The Communication Department offers a rigorous and robust curriculum that addresses three overarching areas of study: Relational Communication, Rhetoric, and Media Studies. In the tradition of the liberal arts, we encourage students to take courses from all three areas of study to appreciate the complexity of communication. It is our commitment to educate autonomous thinkers who use moral discernment when addressing the issues of our time through a curriculum that engages students in intersecting media, texts, and interactions when analyzing meaning-making in any given context.
Our curriculum emphasizes cognitive complexity in processes of inquiry, analysis, reflection, writing, and speaking.
- At the 100-level, courses introduce topics relevant to the study of communication and ways of thinking about communication in the world;
- 200-level courses introduce theoretical perspectives, assisting students in formulating and investigating questions appropriate to the discipline as taught at Denison;
- 300-level courses explore theory and research that helps students utilize the power of communication perspectives and methodologies on topics important to them and to society;
- 400-level courses engage students in developing proficiency in the study of communication and producing new knowledge that is socially significant, ethically informed, and fundamental to cultivating one’s self as a life-long learner.
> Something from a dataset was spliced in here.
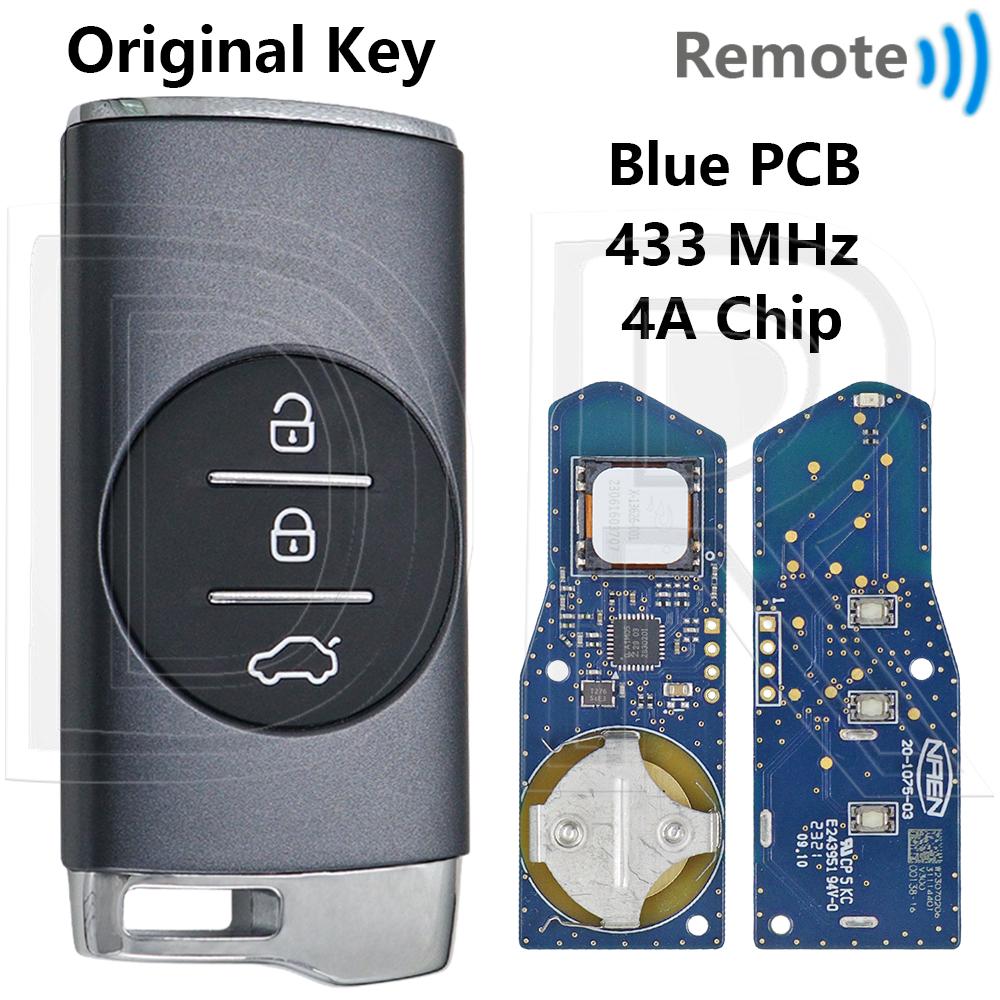 Great 4A Chip 433MHz Original Promixity Car Remote Control Key For Chery New Tiggo 7plus 8Plus 3X 5X TX TXL LX Exeed Vantas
Throughout the curriculum we generate opportunities in many ways for students to practice what they are learning. Students practice the discipline through structured opportunities that promote original research in senior seminars, conference presentations, journal publications, and summer research. In terms of less traditional modes of practice students have multiple opportunities to address publics through speaking and writing, ethically engaging with other students from a variety of backgrounds and perspectives, using technology as agents rather than consumers, and interrogating and rethinking the performance of the self. Insofar as “practicing” the discipline involves mindful awareness and reflection on the processes of communication that continually surround students, the department does this as a matter of course.